Deleting a connector is a soft delete. Since imported objects were copied into Tilde's storage, they remain fully readable. The connector is only needed during import, not for subsequent reads.


Running Imports

Start an Import Job

import tilde

repo = tilde.repository("my-team/my-data")
job = repo.imports.create_from_connector(
    connector_id=connector_id,
    destination_path="imported/datasets/",
    source_prefix="datasets/",
    commit_message="Import Q1 datasets",
)
curl -H "Authorization: Bearer YOUR_API_TOKEN" \
  -X POST "https://tilde.run/api/v1/organizations/my-team/repositories/my-data/import" \
  -H "Content-Type: application/json" \
  -d '{
    "connector_id": "connector-uuid",
    "destination_path": "imported/datasets/",
    "source_prefix": "datasets/",
    "commit_message": "Import Q1 datasets"
  }'

Poll for Completion

Import jobs run asynchronously. Poll the status endpoint until the job completes.

import time

while True:
    job.refresh()
    print(f"Status: {job.status}, Objects: {job.objects_imported}")

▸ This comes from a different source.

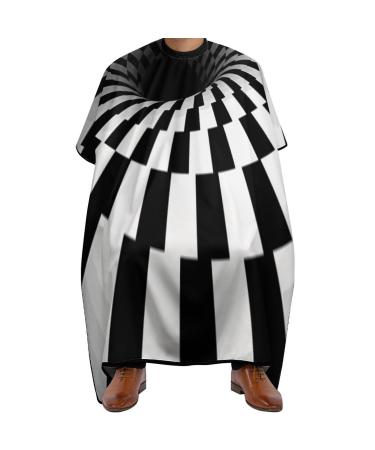 Graphic Geometry Abstract Black White Professional Barber Cape Polyester Hair Cutting Salon Cape Water Stain Resistant Apron Cutting Hair Beard Hairdressing Cape Anti-Static Haircut 56.7 66.9 Inch (1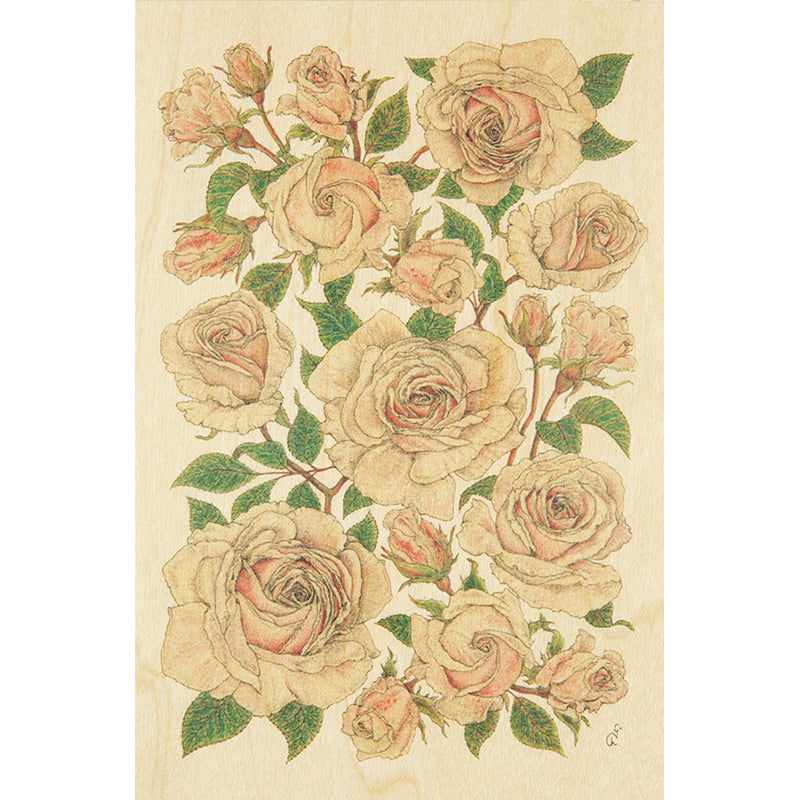 Wood postcard black and colors roses W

    if job.status in ("completed", "failed"):
        break
    time.sleep(2)

if job.status == "completed":
    print(f"Import done! Commit: {job.commit_id}")
elif job.status == "failed":
    print(f"Import failed: {job.error}")
curl -H "Authorization: Bearer YOUR_API_TOKEN" \
  https://tilde.run/api/v1/organizations/my-team/repositories/my-data/import/job-uuid

Cross-Repository Imports

You can also import data directly from another Tilde repository without needing a connector. Provide the source organization and repository instead of a connector ID.

import tilde

repo = tilde.repository("my-team/my-data")
job = repo.imports.create_from_repository(
    repo_path="other-team/source-data",
    destination_path="external/",
    source_prefix="datasets/train/",
    commit_message="Import training data from source-data",
)
curl -H "Authorization: Bearer YOUR_API_TOKEN" \
  -X POST "https://tilde.run/api/v1/organizations/my-team/repositories/my-data/import" \
  -H "Content-Type: application/json" \
  -d '{
    "source_organization": "other-team",
    "source_repository": "source-data",
    "destination_path": "external/",
    "source_prefix": "datasets/train/",
    "commit_message": "Import training data from source-data"
  }'

Access Requirements

You must have read access to the source repository to import from it. The request body must contain exactly one of connector_id or (source_organization + source_repository).

Import Job Fields

Field Type Description
id UUID Job identifier
repository_id UUID Target repository
connector_id UUID Source connector (for connector imports)
source_organization string Source organization name (for cross-repo imports)
source_repository string Source repository name (for cross-repo imports)
source_prefix string Source prefix filter
destination_path string Destination prefix in the repository
commit_message string Commit message for the import
status string pending, running, completed, or failed
objects_imported integer Number of objects imported so far
commit_id string Commit ID (populated on completion)
error string Error message (populated on failure)
created_by UUID User who started the import
created_at timestamp Job creation time
updated_at timestamp Last status update time

Reading Imported Objects

Imported objects are read through the same GET /object endpoint as any other object. Since data is copied during import, reads are served directly from Tilde's storage — no connector access is needed at read time.

Source Metadata

Imported entries include source metadata in their entry record for provenance tracking:

{
  "source_metadata": {
    "connector_id": "...",
    "connector_type": "s3",
    "source_path": "s3://my-bucket/datasets/file.csv",
    "version_id": "abc123",
    "source_etag": "\"def456\"",
    "import_time": "2025-01-15T10:30:00Z",
    "import_job_id": "..."
  }
}

Security

Connector configurations (credentials) are AES-encrypted at rest in the database. The encryption key is configured in the server's auth.encryption.keys config. Connector configs are never returned in API responses — only the connector's id, name, type, and disabled status are exposed.